Soou um tiro. Um bala que rasga com estrondo a brancura do dia. Um rastilho de faíscas se liberta, antecedendo com pompa, o ruído ensurdecedor do disparo. Tudo pára naquele momento: o olhar da vítima se detém: nem um pestanejo, nem um suspiro, nem uma gota de suor se derrama...nada se move, o tempo pára. E, no entanto, tudo muda como uma vaga gigante que se abate sobre a costa. De um momento de inércia, grandes mudanças se operam, e nada retornará ao princípio, se houve sequer um princípio.
Uma bala atingiu uma superfície de atrito. Penetrou a pele, escavou caminhos em tecidos antes intricadamente unos, estilhaçou ossos e, do impacto, uma explosão, que derivou em todos os sentidos.
Um novo lugar no mundo se cria. A bala chegou ao seu destino e deixou um rasto de destroços.

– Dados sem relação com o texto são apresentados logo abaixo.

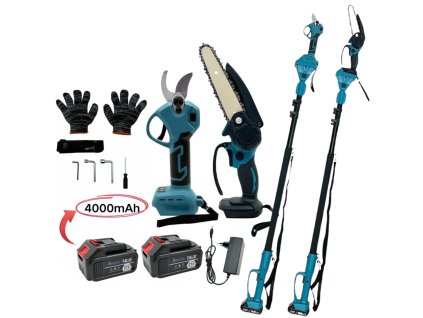 ARKIDA FC-18 4000mAh Multifunkcní Aku sada 3v1 Aku řetězová pila 6" + AKU nůžky + Teleskop + 2x4000mAh baterie+nabíječka+příslušenství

Ao longe, um ténue bater de um coração cansado, que bombeia em último fôlego, um sangue que se perde inexoravelmente, por vasos corrompidos, gotejantes de vida que se esvai. Um lampejo de consciência atravessa atirador e vítima, miram-se, actores num filme exterior a si mesmos, num fio condutor de fim imprevisível. Um clarão de lucidez se ergue como um olhar de culpa, dois condenados que se despedem a da vida, tal como ela era.
Assim é quando se destrói com palavras e com espadas tudo o que foi criado. Quando se dá um passo em falso, quando se passa o ponto do não de retorno. Quando se vê que a vida passou e foi e seguiu...e assim se falou, se feriu, se escolheu. E tudo mudou. Cabe-nos a todos a vez de disparar. Uns escolhem a vítima, outras vítimas se plantam com o peito a descoberto, desejando balas que silenciem a dor. Uns escolhem disparar em contranatura, serem eles mesmos a vítima e o atirador, num só.
Mas todos nós, uma ou outra vez na vida, empunhamos armas, e disparamos, e carregamos balas...
Porque todos os que amam são exímios atiradores e, ao mesmo tempo, perfeitas vítimas.